Could the whole of the data below be written out verbatim?

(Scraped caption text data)
┌────────

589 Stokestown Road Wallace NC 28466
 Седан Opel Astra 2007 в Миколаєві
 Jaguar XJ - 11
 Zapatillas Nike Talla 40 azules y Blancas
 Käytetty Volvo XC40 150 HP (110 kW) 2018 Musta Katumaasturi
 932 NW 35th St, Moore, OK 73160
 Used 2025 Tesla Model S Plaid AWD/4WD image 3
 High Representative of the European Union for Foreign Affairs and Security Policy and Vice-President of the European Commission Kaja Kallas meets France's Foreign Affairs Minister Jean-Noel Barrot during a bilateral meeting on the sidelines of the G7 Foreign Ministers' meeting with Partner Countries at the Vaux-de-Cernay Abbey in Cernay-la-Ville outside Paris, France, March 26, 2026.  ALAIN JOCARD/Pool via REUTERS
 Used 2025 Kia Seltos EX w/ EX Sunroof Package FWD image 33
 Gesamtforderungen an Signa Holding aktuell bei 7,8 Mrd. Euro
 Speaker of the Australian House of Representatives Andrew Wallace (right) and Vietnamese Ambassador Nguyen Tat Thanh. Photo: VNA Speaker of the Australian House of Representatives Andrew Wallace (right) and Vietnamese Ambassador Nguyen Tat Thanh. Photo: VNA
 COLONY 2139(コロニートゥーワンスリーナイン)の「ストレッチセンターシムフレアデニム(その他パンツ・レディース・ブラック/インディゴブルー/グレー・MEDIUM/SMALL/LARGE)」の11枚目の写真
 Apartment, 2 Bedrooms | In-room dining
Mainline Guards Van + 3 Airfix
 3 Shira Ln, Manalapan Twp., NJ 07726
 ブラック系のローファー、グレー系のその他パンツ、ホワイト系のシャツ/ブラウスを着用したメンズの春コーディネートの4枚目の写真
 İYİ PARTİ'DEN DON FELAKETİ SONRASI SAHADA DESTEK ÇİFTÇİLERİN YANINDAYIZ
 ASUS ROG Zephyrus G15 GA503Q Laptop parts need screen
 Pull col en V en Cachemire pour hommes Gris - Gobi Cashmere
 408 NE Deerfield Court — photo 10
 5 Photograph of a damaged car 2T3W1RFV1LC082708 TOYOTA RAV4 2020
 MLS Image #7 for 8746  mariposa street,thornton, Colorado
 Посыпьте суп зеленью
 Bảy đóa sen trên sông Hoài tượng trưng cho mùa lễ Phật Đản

└────────

**Task solution:**
589 Stokestown Road Wallace NC 28466
 Седан Opel Astra 2007 в Миколаєві
 Jaguar XJ - 11
 Zapatillas Nike Talla 40 azules y Blancas
 Käytetty Volvo XC40 150 HP (110 kW) 2018 Musta Katumaasturi
 932 NW 35th St, Moore, OK 73160
 Used 2025 Tesla Model S Plaid AWD/4WD image 3
 High Representative of the European Union for Foreign Affairs and Security Policy and Vice-President of the European Commission Kaja Kallas meets France's Foreign Affairs Minister Jean-Noel Barrot during a bilateral meeting on the sidelines of the G7 Foreign Ministers' meeting with Partner Countries at the Vaux-de-Cernay Abbey in Cernay-la-Ville outside Paris, France, March 26, 2026.  ALAIN JOCARD/Pool via REUTERS
 Used 2025 Kia Seltos EX w/ EX Sunroof Package FWD image 33
 Gesamtforderungen an Signa Holding aktuell bei 7,8 Mrd. Euro
 Speaker of the Australian House of Representatives Andrew Wallace (right) and Vietnamese Ambassador Nguyen Tat Thanh. Photo: VNA Speaker of the Australian House of Representatives Andrew Wallace (right) and Vietnamese Ambassador Nguyen Tat Thanh. Photo: VNA
 COLONY 2139(コロニートゥーワンスリーナイン)の「ストレッチセンターシムフレアデニム(その他パンツ・レディース・ブラック/インディゴブルー/グレー・MEDIUM/SMALL/LARGE)」の11枚目の写真
 Apartment, 2 Bedrooms | In-room dining
Mainline Guards Van + 3 Airfix
 3 Shira Ln, Manalapan Twp., NJ 07726
 ブラック系のローファー、グレー系のその他パンツ、ホワイト系のシャツ/ブラウスを着用したメンズの春コーディネートの4枚目の写真
 İYİ PARTİ'DEN DON FELAKETİ SONRASI SAHADA DESTEK ÇİFTÇİLERİN YANINDAYIZ
 ASUS ROG Zephyrus G15 GA503Q Laptop parts need screen
 Pull col en V en Cachemire pour hommes Gris - Gobi Cashmere
 408 NE Deerfield Court — photo 10
 5 Photograph of a damaged car 2T3W1RFV1LC082708 TOYOTA RAV4 2020
 MLS Image #7 for 8746  mariposa street,thornton, Colorado
 Посыпьте суп зеленью
 Bảy đóa sen trên sông Hoài tượng trưng cho mùa lễ Phật Đản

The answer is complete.